Sometime in the mid-1820s tenants on the Mahon estate at Ahascragh in north County Galway wrote to their landlord, begging him not to evict them:
‘Pray pity your poor people who always did and always will pay their rents well, better drown us than turn us off, for there is no place for us anywhere. We were a quiet easy poor people who did never complain . . . why would you destroy us . . .’
The partial failure of the potato crop in 1821 precipitated the crisis and represented the most serious period of food shortage in the early nineteenth century, with extreme distress occurring in nine western counties from late April until mid-August 1822, resulting in deaths from starvation in the extreme west and deaths from typhus across many parts of the countryside and in many towns. The government estimated that the inability of the rural poor to purchase food in counties Cork, Kerry, Limerick, Clare, Galway, Roscommon, Sligo, Leitrim and Mayo resulted in over one million people living on the verge of starvation in the month of July alone.

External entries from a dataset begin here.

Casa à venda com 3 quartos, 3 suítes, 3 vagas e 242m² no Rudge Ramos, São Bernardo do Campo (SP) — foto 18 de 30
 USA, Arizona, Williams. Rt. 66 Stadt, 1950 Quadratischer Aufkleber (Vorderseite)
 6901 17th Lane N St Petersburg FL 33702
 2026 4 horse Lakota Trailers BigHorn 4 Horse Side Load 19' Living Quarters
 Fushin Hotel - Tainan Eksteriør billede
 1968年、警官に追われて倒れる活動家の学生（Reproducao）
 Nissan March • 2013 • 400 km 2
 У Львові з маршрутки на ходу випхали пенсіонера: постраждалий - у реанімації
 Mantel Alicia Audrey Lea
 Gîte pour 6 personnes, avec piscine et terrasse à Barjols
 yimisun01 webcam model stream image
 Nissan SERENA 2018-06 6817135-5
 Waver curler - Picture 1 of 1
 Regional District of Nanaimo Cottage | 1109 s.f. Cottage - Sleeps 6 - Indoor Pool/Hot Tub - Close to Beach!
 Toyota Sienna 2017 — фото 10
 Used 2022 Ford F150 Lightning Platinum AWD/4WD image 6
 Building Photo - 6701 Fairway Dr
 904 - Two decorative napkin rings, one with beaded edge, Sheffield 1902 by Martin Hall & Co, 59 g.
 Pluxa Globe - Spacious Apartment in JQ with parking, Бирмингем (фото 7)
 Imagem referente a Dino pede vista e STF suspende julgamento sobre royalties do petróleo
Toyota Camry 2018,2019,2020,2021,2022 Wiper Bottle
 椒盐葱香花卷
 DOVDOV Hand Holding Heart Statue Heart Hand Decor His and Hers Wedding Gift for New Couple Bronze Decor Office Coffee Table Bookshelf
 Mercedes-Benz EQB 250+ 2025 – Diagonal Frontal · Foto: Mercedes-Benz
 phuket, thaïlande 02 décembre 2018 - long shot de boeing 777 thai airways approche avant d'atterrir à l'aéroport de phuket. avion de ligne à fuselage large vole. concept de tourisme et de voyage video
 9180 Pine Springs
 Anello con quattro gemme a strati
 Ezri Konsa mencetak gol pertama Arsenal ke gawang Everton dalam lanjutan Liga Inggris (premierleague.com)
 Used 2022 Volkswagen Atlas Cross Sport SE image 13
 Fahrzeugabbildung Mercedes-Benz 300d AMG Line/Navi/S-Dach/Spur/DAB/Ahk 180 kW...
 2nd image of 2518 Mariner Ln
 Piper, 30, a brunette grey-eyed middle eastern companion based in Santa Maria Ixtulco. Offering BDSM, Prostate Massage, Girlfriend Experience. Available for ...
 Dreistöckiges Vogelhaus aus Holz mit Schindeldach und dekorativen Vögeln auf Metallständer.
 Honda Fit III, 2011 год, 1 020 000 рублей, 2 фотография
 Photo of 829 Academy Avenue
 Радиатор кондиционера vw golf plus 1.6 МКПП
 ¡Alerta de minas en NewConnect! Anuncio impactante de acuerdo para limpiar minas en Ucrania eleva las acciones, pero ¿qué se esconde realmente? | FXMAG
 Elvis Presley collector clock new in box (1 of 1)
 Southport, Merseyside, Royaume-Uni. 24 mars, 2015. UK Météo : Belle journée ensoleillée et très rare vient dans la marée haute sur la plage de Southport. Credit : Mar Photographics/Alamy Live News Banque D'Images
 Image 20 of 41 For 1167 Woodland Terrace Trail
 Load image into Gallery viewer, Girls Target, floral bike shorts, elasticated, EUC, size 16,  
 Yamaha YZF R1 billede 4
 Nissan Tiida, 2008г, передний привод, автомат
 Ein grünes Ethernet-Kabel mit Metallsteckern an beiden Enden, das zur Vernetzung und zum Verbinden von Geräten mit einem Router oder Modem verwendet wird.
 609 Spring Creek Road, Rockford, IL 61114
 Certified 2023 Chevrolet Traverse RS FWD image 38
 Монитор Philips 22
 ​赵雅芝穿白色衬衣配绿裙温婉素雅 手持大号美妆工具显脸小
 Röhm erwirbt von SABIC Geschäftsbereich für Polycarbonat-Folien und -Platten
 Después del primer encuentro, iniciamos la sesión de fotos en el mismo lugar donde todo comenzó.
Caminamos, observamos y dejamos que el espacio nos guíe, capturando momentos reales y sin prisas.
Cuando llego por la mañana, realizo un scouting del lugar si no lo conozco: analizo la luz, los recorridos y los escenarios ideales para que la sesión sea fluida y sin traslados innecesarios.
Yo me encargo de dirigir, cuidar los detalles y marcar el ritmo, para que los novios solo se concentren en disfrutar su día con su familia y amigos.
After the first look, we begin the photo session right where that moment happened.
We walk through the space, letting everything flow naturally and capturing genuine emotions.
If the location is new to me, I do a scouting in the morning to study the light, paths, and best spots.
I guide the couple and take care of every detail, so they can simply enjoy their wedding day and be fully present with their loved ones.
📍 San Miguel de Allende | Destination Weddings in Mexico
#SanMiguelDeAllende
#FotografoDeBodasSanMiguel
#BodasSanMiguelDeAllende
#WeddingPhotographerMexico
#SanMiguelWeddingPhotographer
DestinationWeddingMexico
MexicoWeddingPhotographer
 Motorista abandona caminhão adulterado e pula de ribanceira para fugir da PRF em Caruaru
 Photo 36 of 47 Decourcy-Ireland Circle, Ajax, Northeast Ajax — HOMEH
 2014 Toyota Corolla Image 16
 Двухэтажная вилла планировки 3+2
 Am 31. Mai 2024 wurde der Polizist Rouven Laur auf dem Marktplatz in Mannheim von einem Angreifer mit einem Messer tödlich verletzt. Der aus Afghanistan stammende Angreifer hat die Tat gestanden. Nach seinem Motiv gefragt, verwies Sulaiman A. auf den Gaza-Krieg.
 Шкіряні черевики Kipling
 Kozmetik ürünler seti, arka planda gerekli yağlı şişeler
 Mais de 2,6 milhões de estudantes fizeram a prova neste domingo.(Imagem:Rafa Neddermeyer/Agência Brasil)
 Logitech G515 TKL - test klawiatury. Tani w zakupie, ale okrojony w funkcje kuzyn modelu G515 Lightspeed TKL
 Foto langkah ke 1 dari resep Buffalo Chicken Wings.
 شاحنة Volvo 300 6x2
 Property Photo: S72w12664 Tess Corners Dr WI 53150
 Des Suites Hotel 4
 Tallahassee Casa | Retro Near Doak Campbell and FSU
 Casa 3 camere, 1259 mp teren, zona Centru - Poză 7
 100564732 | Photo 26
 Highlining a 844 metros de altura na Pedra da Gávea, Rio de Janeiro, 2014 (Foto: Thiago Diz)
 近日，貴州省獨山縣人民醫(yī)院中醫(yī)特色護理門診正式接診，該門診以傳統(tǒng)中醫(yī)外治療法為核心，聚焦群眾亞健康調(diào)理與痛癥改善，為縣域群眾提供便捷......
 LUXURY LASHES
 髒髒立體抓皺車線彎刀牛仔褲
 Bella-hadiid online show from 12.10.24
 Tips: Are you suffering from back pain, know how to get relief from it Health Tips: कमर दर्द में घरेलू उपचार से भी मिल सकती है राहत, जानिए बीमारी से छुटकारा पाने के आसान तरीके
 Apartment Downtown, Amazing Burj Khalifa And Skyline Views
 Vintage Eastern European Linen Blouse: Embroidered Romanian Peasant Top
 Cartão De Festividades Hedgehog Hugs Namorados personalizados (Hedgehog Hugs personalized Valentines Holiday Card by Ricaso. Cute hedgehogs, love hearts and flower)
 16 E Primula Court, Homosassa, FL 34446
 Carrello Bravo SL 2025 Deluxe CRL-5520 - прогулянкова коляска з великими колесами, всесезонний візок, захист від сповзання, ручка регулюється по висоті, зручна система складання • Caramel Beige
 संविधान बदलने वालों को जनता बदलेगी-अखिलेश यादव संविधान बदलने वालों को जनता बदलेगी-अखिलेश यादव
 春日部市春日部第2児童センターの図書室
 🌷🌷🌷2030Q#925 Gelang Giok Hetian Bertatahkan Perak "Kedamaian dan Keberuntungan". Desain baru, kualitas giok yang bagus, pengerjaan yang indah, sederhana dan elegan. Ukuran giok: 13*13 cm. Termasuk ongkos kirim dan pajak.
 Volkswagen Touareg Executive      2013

The Irish rural population began to increase at a phenomenal rate during the last two decades of the eighteenth century, with the preference for early marriages and the dominant position of the potato sustaining a culture of large family units, reinforced by the cheapness of rearing children and their value as free labour. The inherent tendency towards the subletting of already inadequate plots, aggravated by the increasing preference of landowners to sublet large sections of their estates, the absence of a Poor Law until 1838 and the concurrent necessity for several generations to live together in cramped cabins, which were often shared with the family’s cow or pig, contributed to the often wretched lives of the typical rural family in the west.Historian Samuel Clark has observed that during this period landowners were especially anxious to dislodge poverty-stricken squatters who occupied land without official permission and frequently without paying rent. With eviction clearly in mind on the Ahascragh portion of his estate, in 1823 Ross Mahon compiled a return of 71 destitute tenants owing arrears of £515–9s.–2?d. The 1823 Mahon rentals highlight the devastation that the 1822 famine brought to one small community, with two heads of families listed as ‘dead’, ten families listed as ‘beggars’, nineteen listed as ‘insolvent’, 21 listed as ‘to be discharged’ and eleven families ominously labelled ‘gone away’.